Task prompt
After locating the line containing "Interior - Idyllic" in the entries below, please write out that line and the rest through the end exactly. Omit pictures.
------------------------------
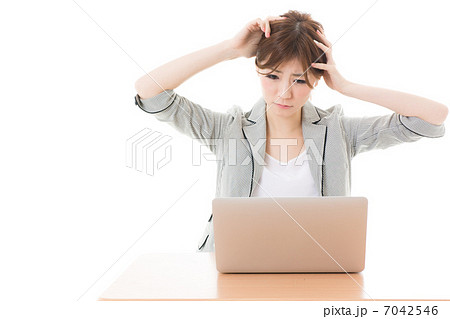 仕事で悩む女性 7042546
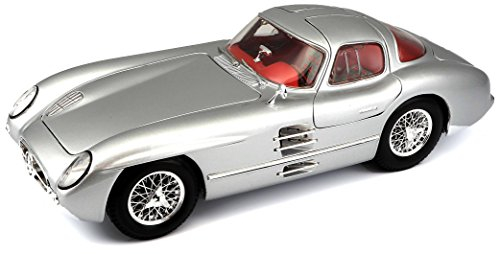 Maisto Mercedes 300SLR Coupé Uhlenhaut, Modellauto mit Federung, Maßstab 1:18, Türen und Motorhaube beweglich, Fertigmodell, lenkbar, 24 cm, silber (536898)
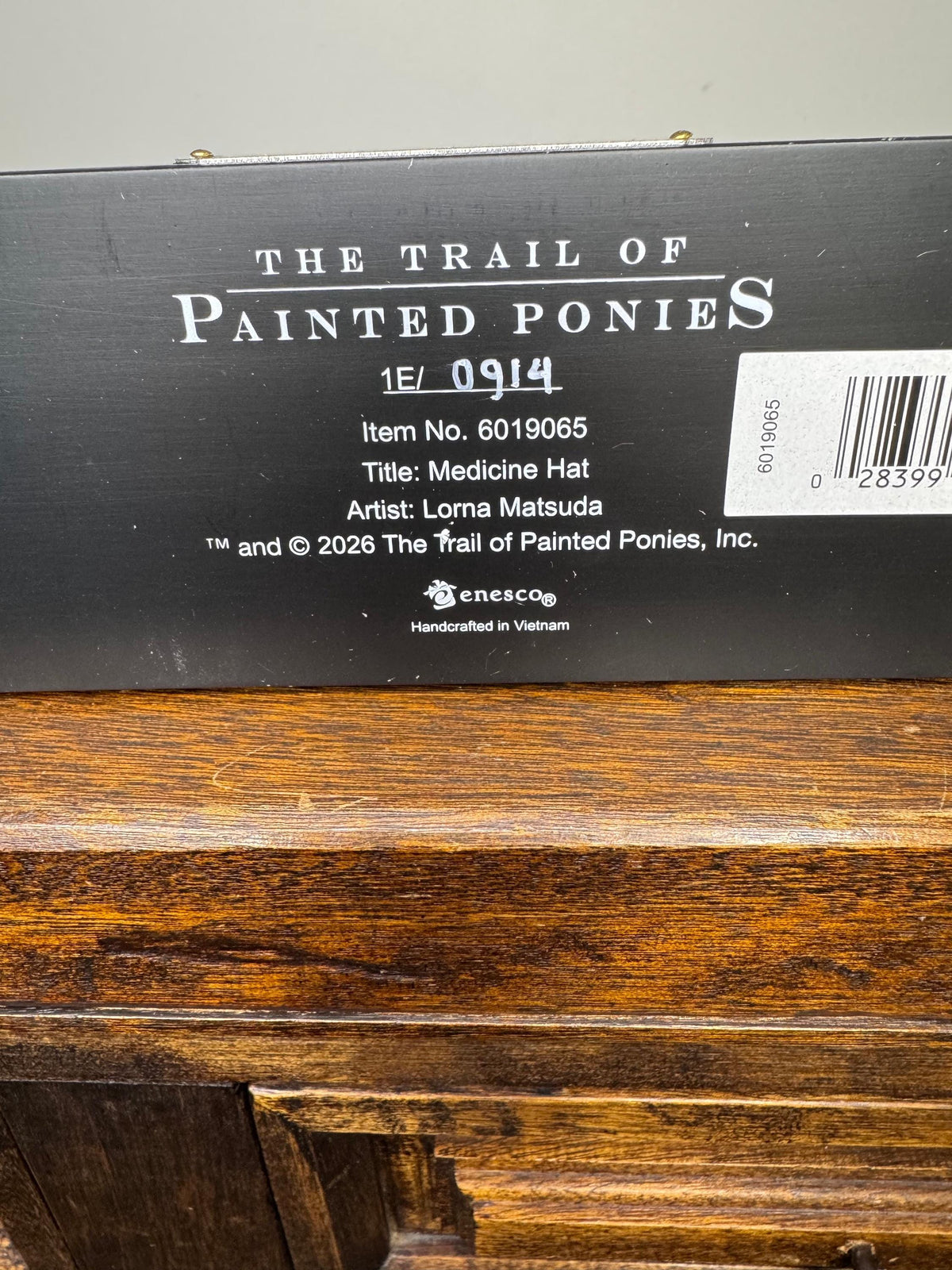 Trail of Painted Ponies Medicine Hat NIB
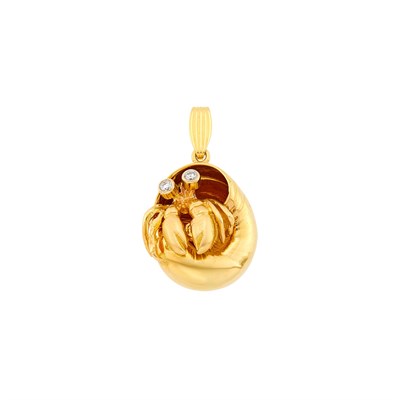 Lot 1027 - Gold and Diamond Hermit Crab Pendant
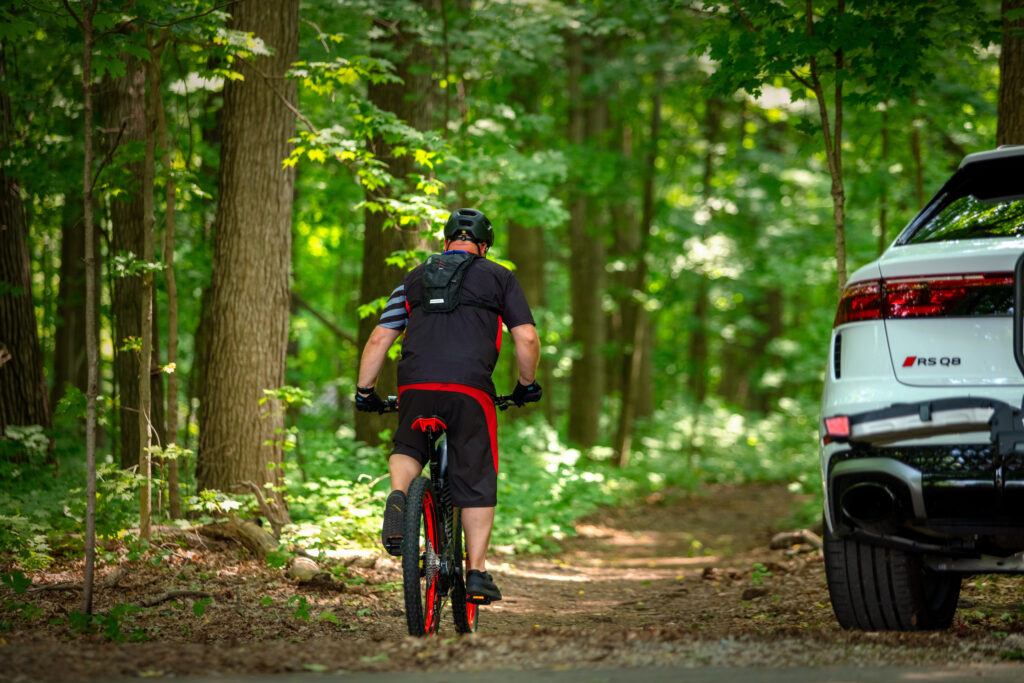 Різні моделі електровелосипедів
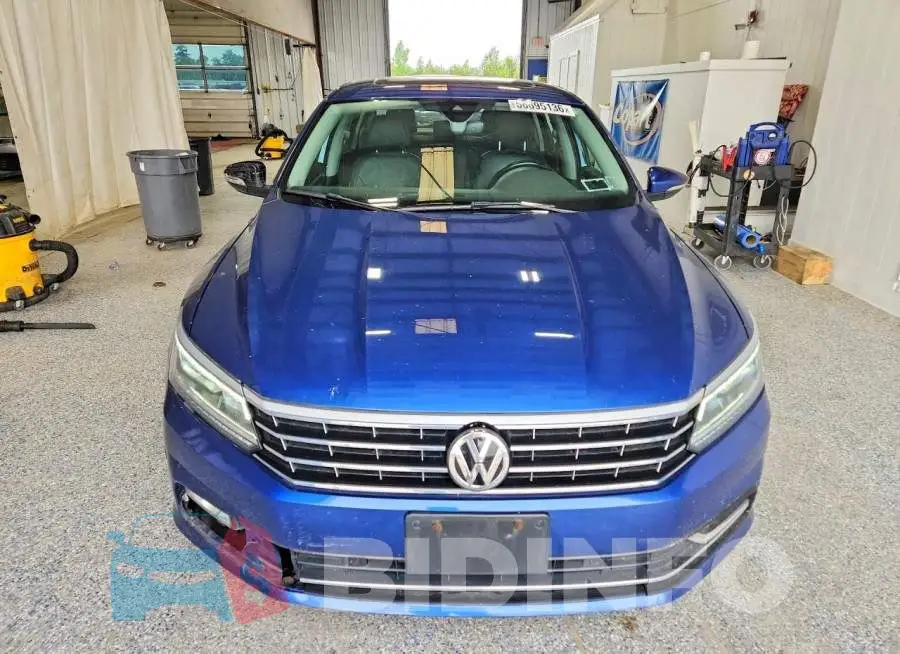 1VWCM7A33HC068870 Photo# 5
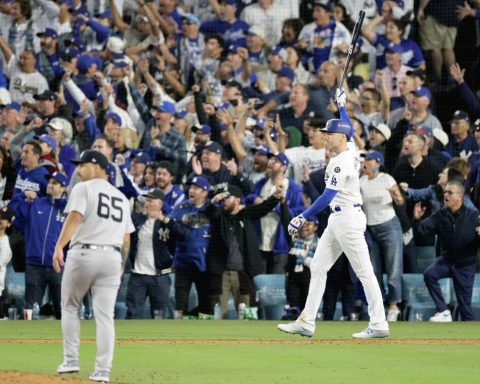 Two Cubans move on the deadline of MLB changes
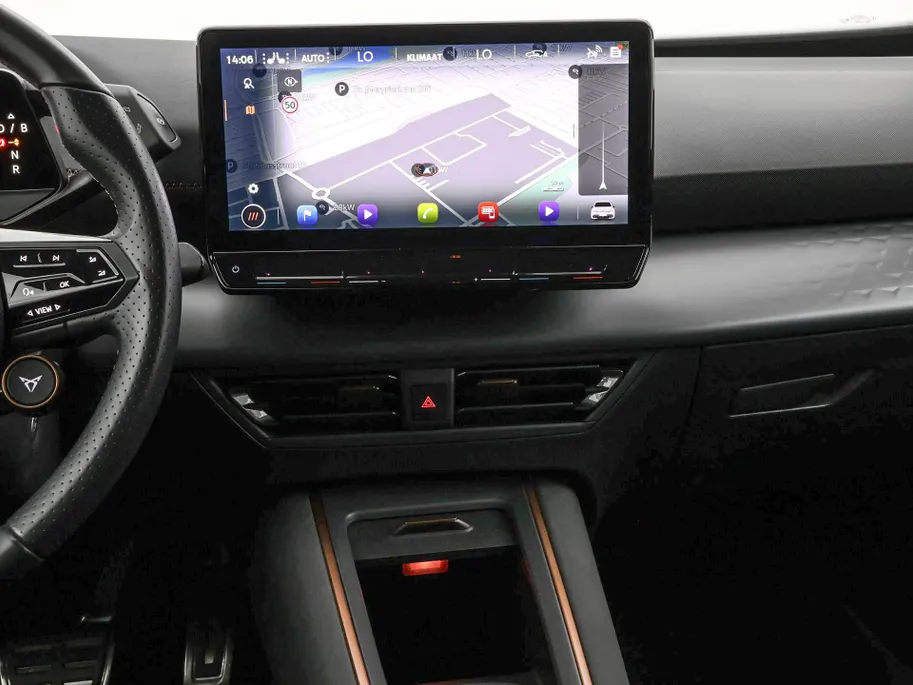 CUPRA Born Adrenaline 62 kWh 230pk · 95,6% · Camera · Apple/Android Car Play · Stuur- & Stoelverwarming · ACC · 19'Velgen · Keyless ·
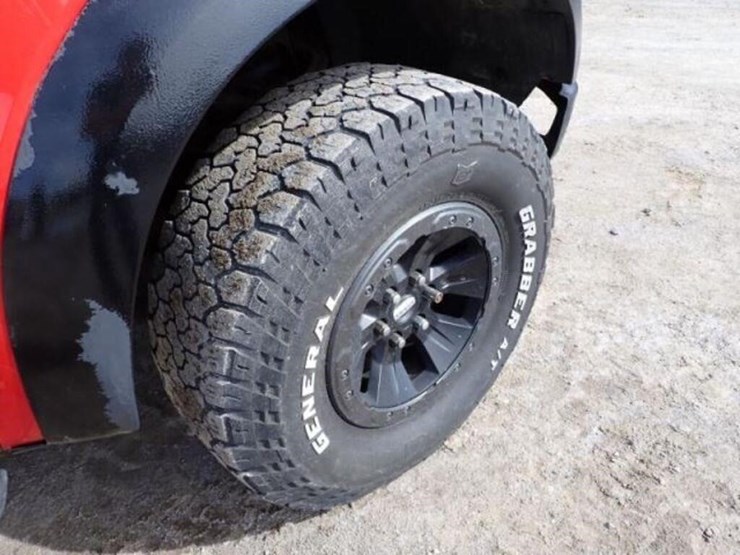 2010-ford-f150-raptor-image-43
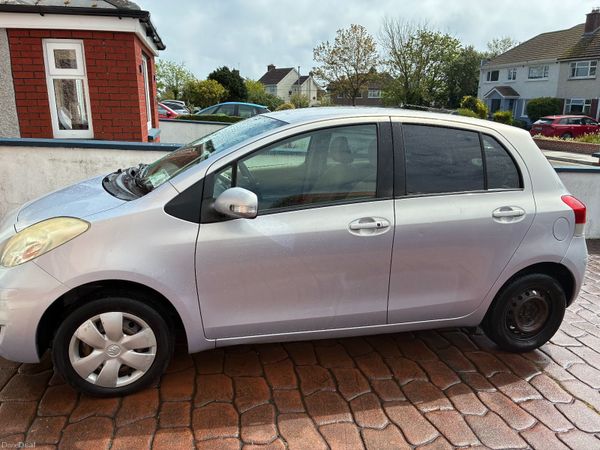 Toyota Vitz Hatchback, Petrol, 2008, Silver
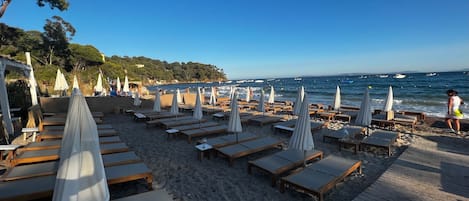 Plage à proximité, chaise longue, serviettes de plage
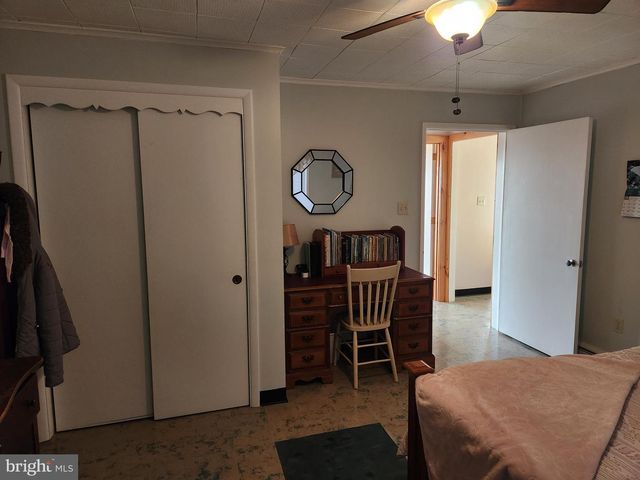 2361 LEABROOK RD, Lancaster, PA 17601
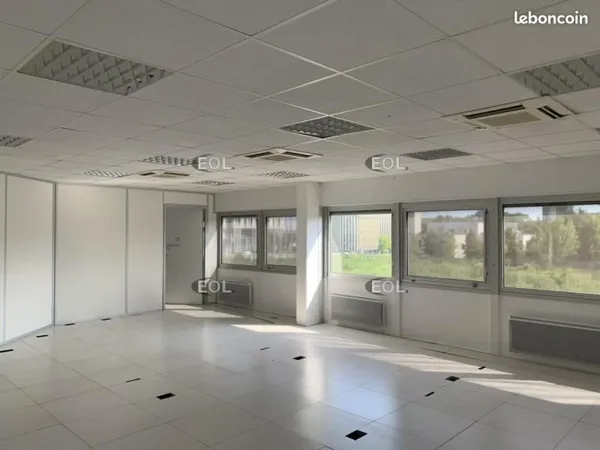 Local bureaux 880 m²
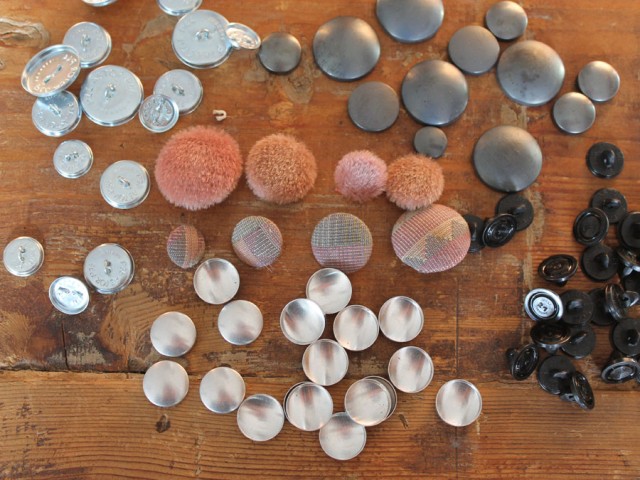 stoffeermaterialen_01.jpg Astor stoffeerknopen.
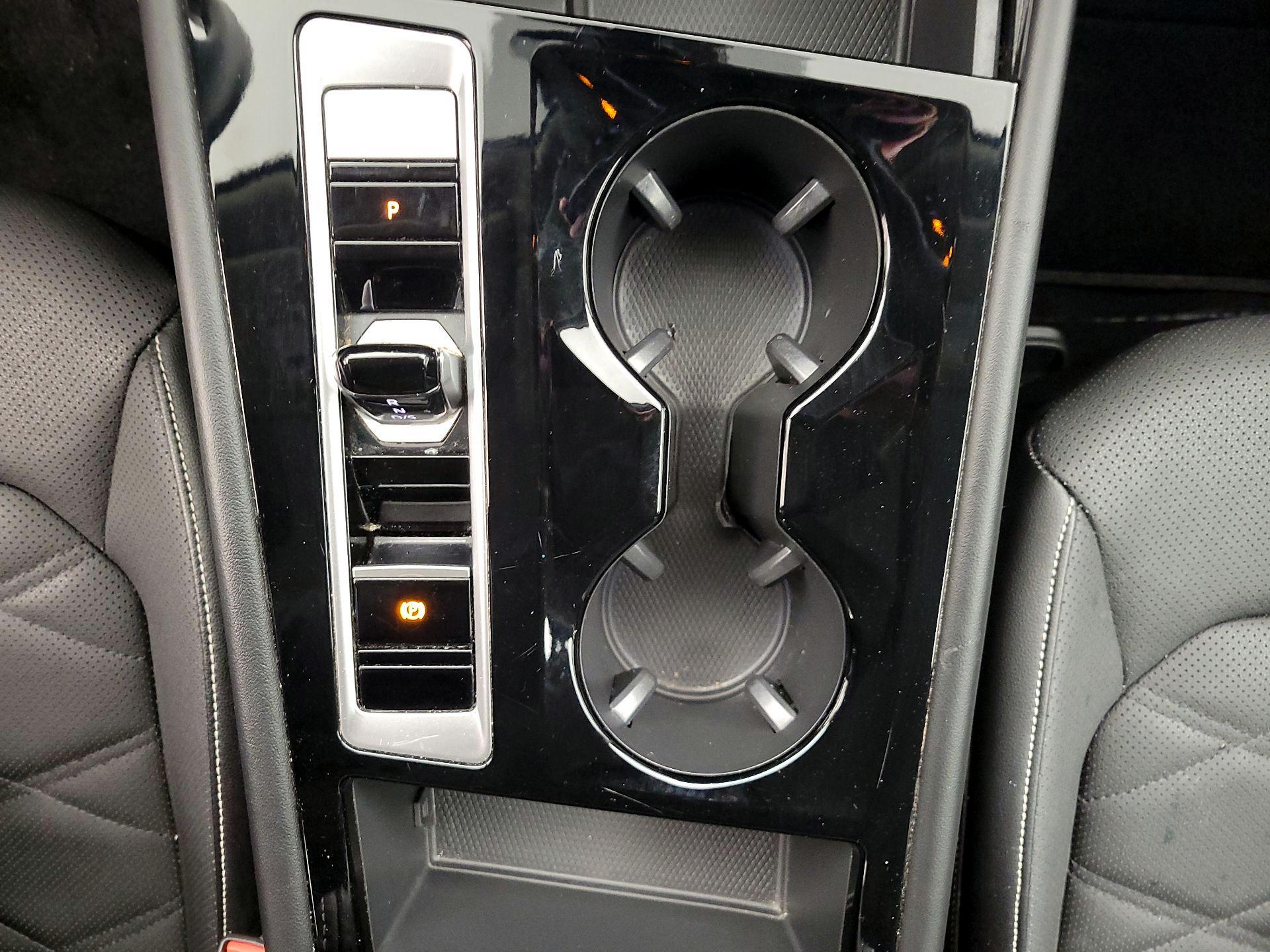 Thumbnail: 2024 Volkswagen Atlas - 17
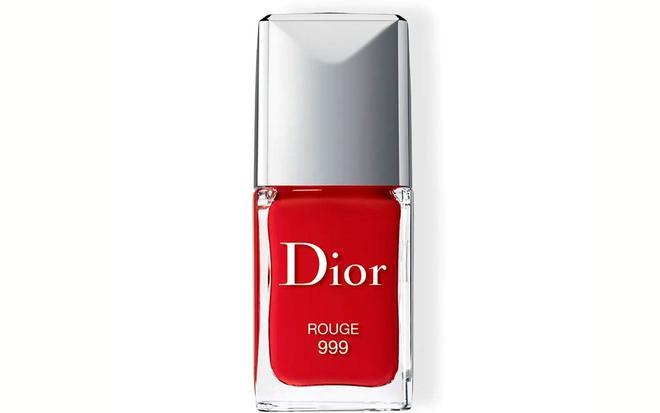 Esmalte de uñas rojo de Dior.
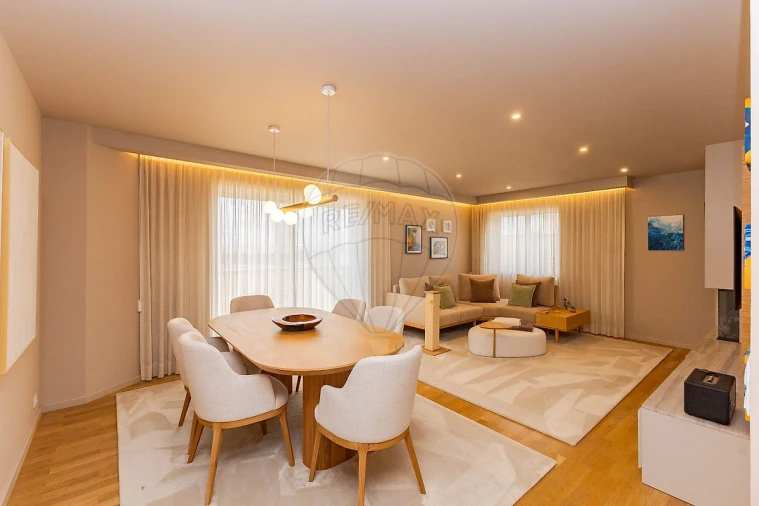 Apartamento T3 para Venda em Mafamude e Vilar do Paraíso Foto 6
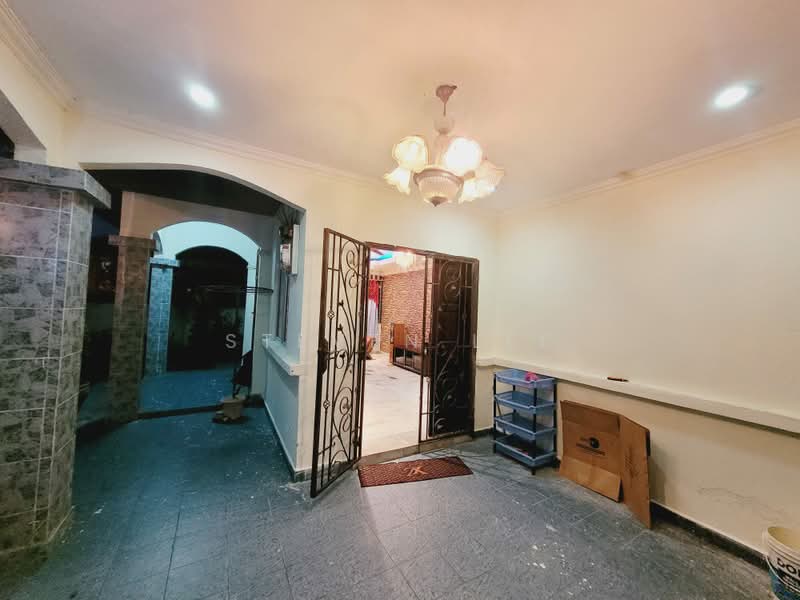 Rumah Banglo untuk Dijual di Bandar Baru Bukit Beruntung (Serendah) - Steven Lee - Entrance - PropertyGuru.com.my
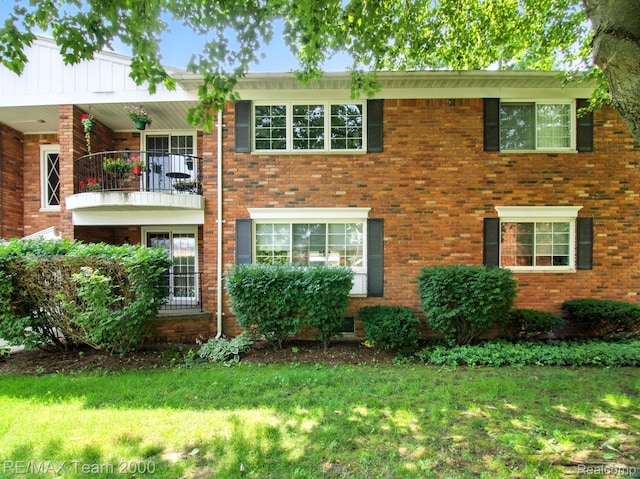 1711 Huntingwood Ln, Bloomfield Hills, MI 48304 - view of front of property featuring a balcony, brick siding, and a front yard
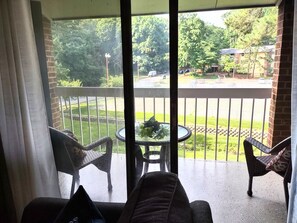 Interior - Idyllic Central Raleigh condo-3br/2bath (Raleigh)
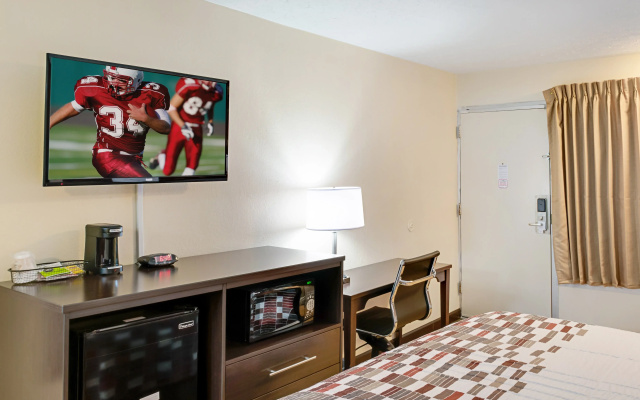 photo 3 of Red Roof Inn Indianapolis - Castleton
------------------------------
Output of the exercise
 Interior - Idyllic Central Raleigh condo-3br/2bath (Raleigh)
 photo 3 of Red Roof Inn Indianapolis - Castleton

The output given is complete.